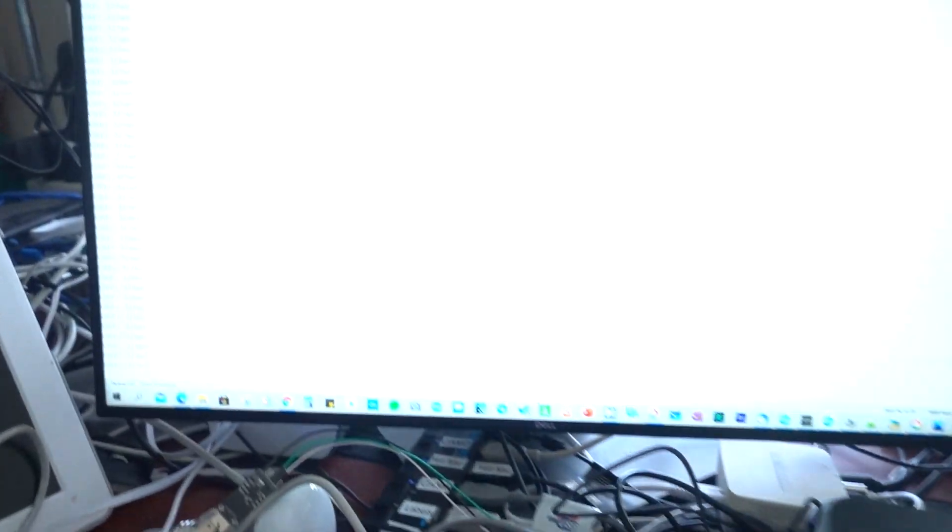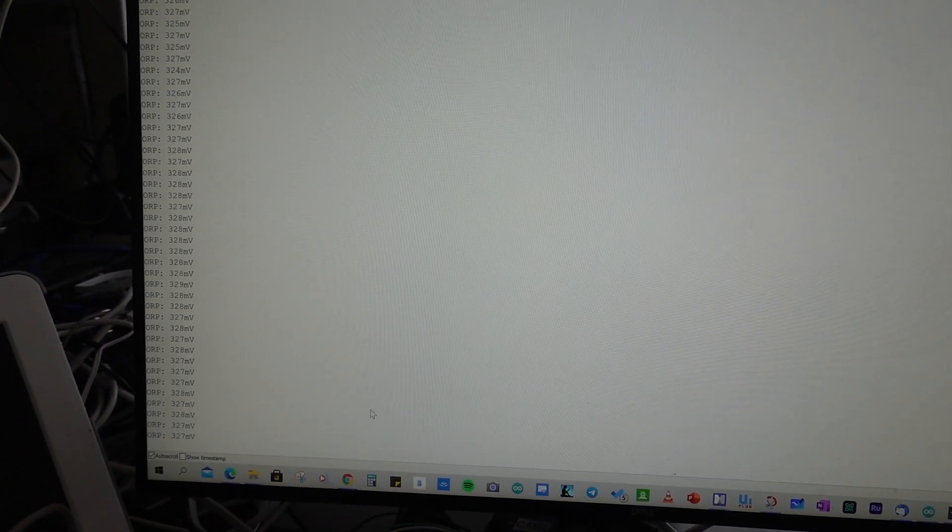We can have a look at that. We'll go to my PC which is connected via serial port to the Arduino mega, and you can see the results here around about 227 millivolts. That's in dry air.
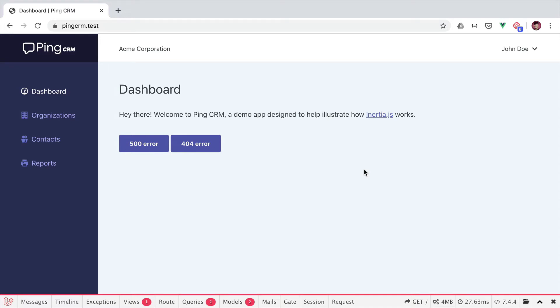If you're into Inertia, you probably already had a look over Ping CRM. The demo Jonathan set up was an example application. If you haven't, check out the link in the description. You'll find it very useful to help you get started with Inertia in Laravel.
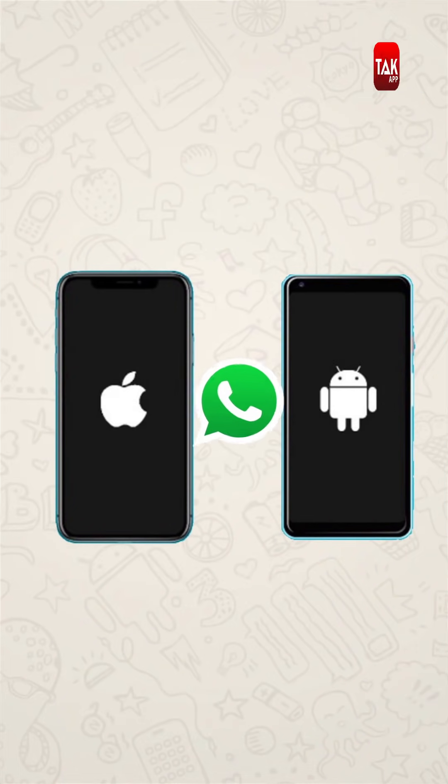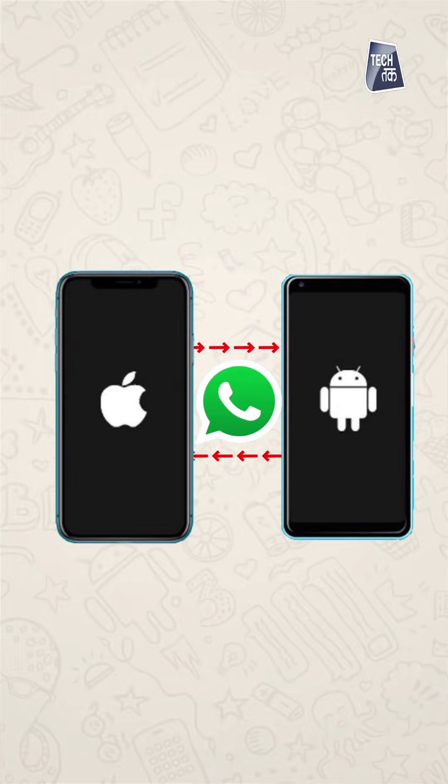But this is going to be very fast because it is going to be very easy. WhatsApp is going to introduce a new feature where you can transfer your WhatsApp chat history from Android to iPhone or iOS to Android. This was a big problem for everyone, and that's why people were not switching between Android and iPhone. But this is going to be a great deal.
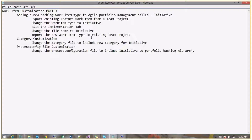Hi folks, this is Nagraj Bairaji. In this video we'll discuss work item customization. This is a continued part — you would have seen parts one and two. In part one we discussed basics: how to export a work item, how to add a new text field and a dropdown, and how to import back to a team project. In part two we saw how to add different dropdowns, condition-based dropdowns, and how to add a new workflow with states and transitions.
============================================================
Problem details — Only one stretch of the data is wanted: write out exactly the lines from the one holding "If you're into" through the one holding "But this is going to be very", both included, without the pictures.

Written solution —
If you're into Inertia, you probably already had a look over Ping CRM. The demo Jonathan set up was an example application. If you haven't, check out the link in the description. You'll find it very useful to help you get started with Inertia in Laravel.
But this is going to be very fast because it is going to be very easy. WhatsApp is going to introduce a new feature where you can transfer your WhatsApp chat history from Android to iPhone or iOS to Android. This was a big problem for everyone, and that's why people were not switching between Android and iPhone. But this is going to be a great deal.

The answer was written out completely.